Der Grund dafür ist, dass dieser Stein nach seinem Einsatz seine komplette magische Ladung verliert und auch nur dort wieder aufgeladen werden kann, an einem sehr weit entfernten Ort. Die Gruppe würde sich also auch erzählerisch weigern, diesen Stein vorher zu benutzen, sondern wirklich nur im Endraum. Vielleicht lässt sich dieser Stein auch nur in eben diesem Endraum benutzen, weil er dort in einer bestimmten Vertiefung seine Kraft entfaltet?

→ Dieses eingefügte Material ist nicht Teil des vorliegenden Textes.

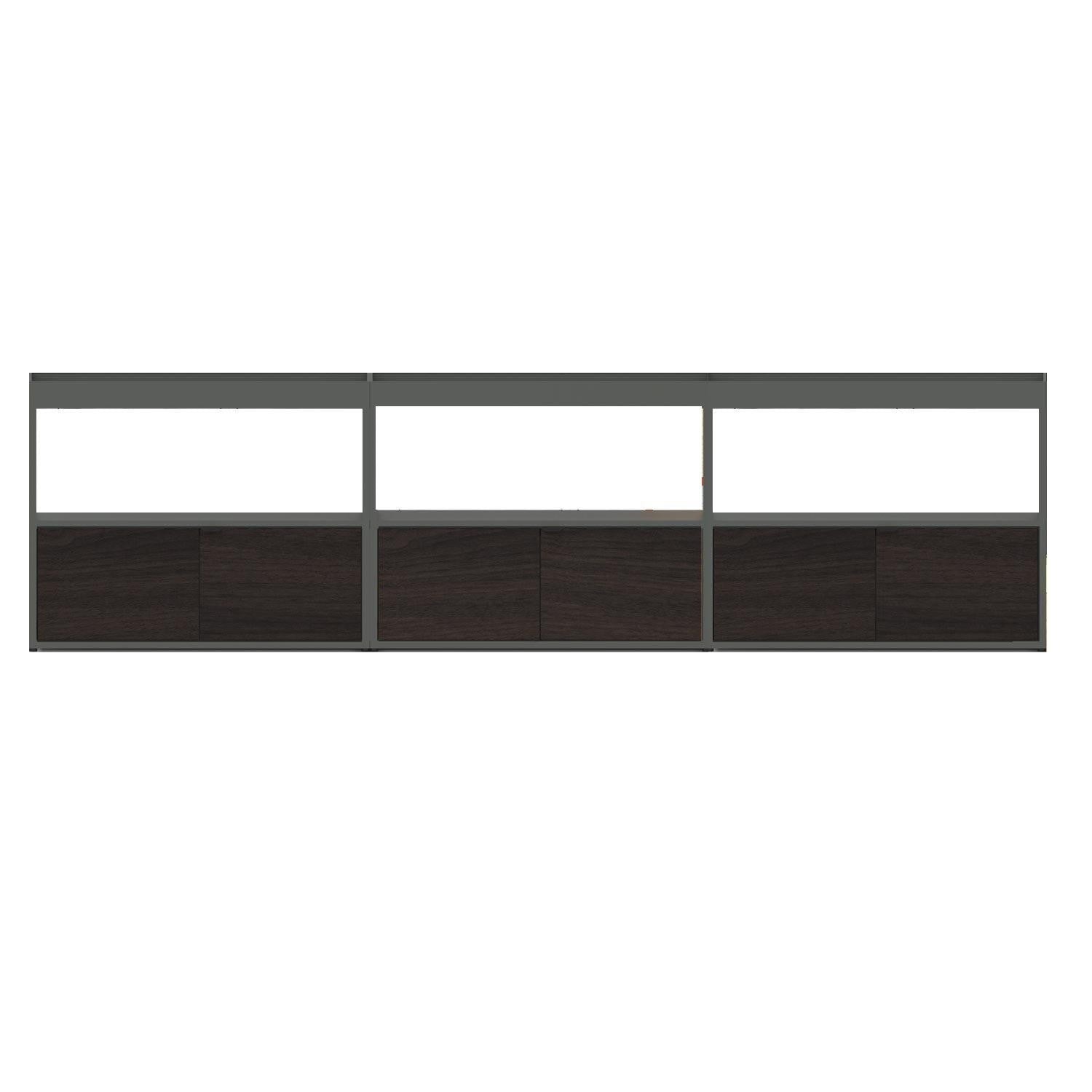 HAY Design Mobiliário, Iluminação e Acessórios - colecção completa na Paris:Sete. Decoração e Design de Interiores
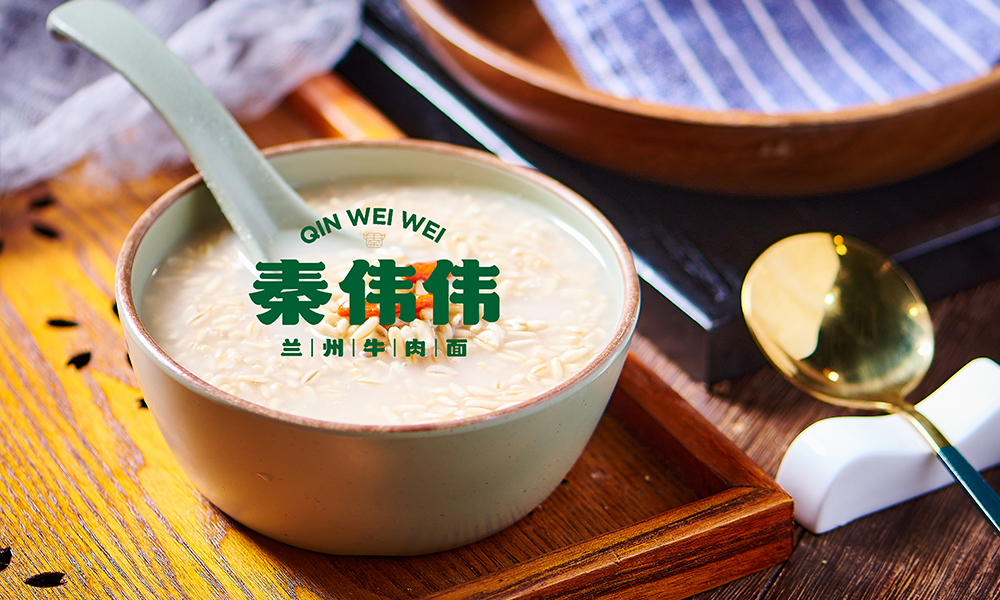 甜胚子.jpg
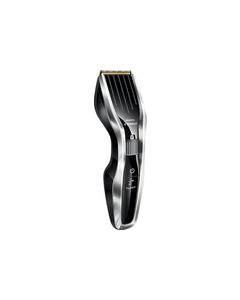 Philips Norelco - Hairclipper 7100 - Black/Silver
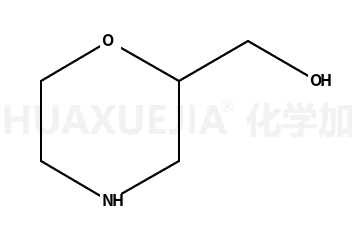 2-羟甲基吗啉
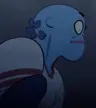 CaptianChicken's Avatar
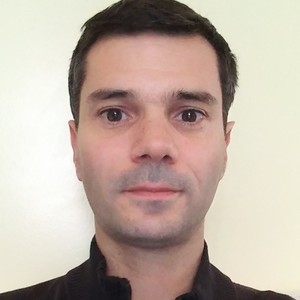 PHILIPPE - Prof d'espagnol - Cahors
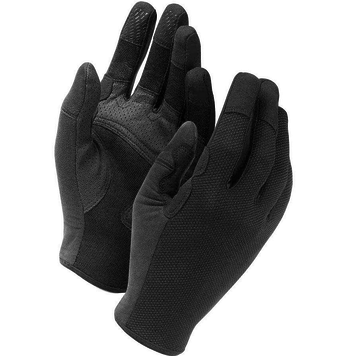 Assos XC Full Finger Gloves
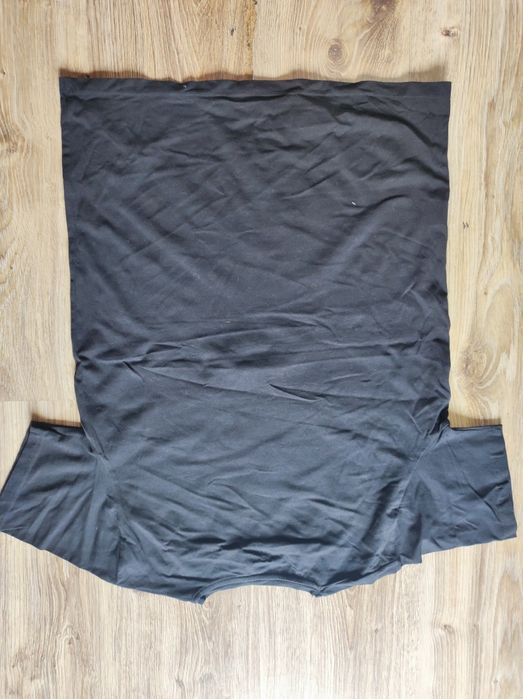 Koszulka Philipp Plein M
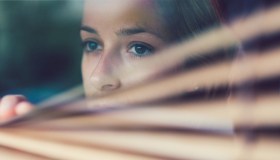 Malattia di Huntington: cos’è, sintomi, cause, cure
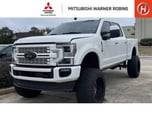 2020 Ford F-350 Super Duty  for sale $83,000 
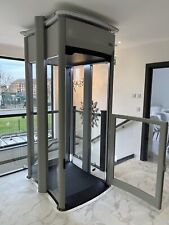 Stiltz floor home for sale  SOUTHEND-ON-SEA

Generell ist es keine schlechte Idee solche Fähigkeiten an Objekte zu binden. Denn Teleportation nur davon abhängig zu machen, ob der Charakter gerade gut geschlafen hat (also erholt ist), ist doch etwas sehr willkürlich. Außerdem lassen sich Charakteren Waffen und Ausrüstung wegnehmen, bevor man sie in eine Gefängniszelle sperrt.

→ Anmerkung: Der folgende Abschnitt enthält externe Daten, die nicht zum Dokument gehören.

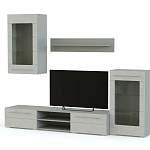 Набор для Гостиной Timber BMS - Фото 5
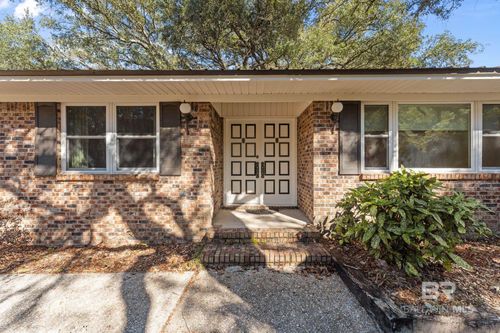 32989 Antietam Rd, Lillian, AL, 36549-5507 | Card Image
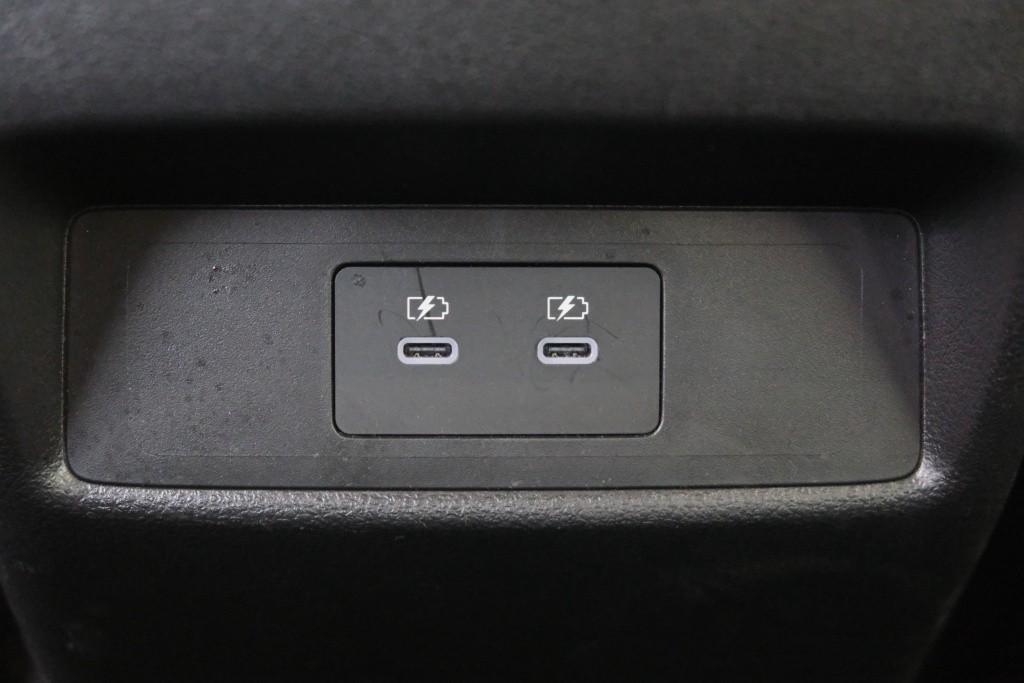 Nissan QASHQAI 1.3 MHEV 158pk Xtronic N-Connecta | Navi | App Connect | Adaptive Cruise | Keyless | 360° Camera | Panoramadak | Elektrische Achterklep | Cold Pack afbeelding 19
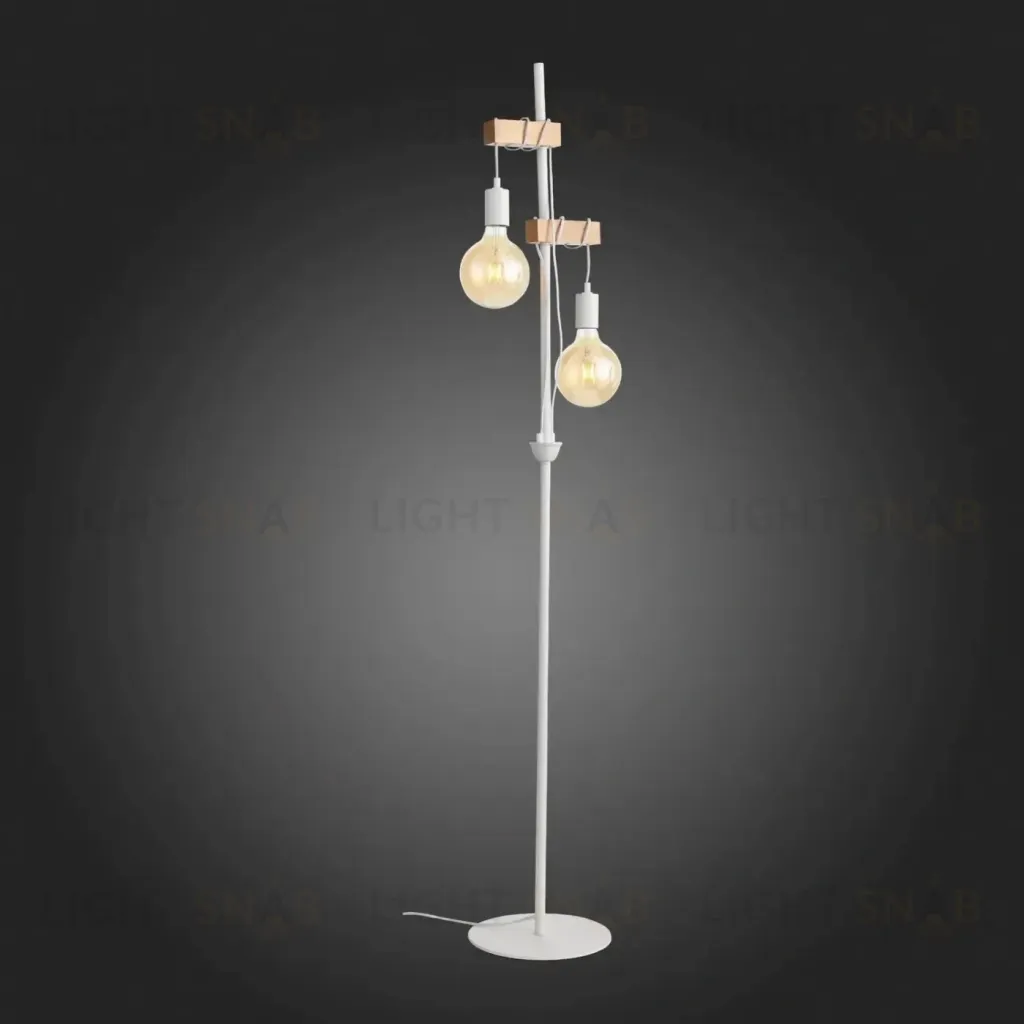 Торшер BATTI SL1142.505.01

Objekte können verschiedene Auflagen für ihre Funktionsfähigkeit besitzen. Vielleicht klappt es nur während eines Vollmondes? Vielleicht muss ein spezifisches zweites Objekt am Teleportationsziel hinterlegt sein (also besteht eine Bindung zwischen diesen zwei Artefakten)? Vielleicht muss ein Blutopfer dargebracht werden? 

Und/Oder wie wäre es mal simpel mit massiven Risiken?
Was wäre, wenn das Ziel der Teleportation so ungenau sein kann, dass man 200m in der Luft oder 200m unter der Erde landen könnte? Ich habe immer so ein kleines Problem damit, dass Figuren immer exakt wissen wohin sie teleportieren müssen, obwohl sie das quasi blind machen.
Wir könnten auch annehmen, dass wenn man sich zu einem Ort teleportiert, alles im Umkreis von 100m vernichtet wird, also man schon sehr gut wissen muss, wohin man will. Und vielleicht will auch keiner das Risiko eingehen.
Egal was davon (oder von was Anderem), es besitzt erzählerische Relevanz und ist nicht einfach nur als Mittel zum faulen Storytelling, sofern denn auch die neuen Punkte logisch weitergedacht werden.


Das bedeutet also, ...


... dass selbst Magie nachvollziehbar sein kann, sofern ihr diese auch beschreibt und Auflagen hinterlegt. Ein simples "Ist halt so" ist ganz schwer zu begreifen. Und wenn Ihr die Chance habt Teleportation zu umgehen, nehmt den alternativen Weg. Was mich angeht, würde ich gerne verstehen, was in den Spielen passiert, die ich so zocke.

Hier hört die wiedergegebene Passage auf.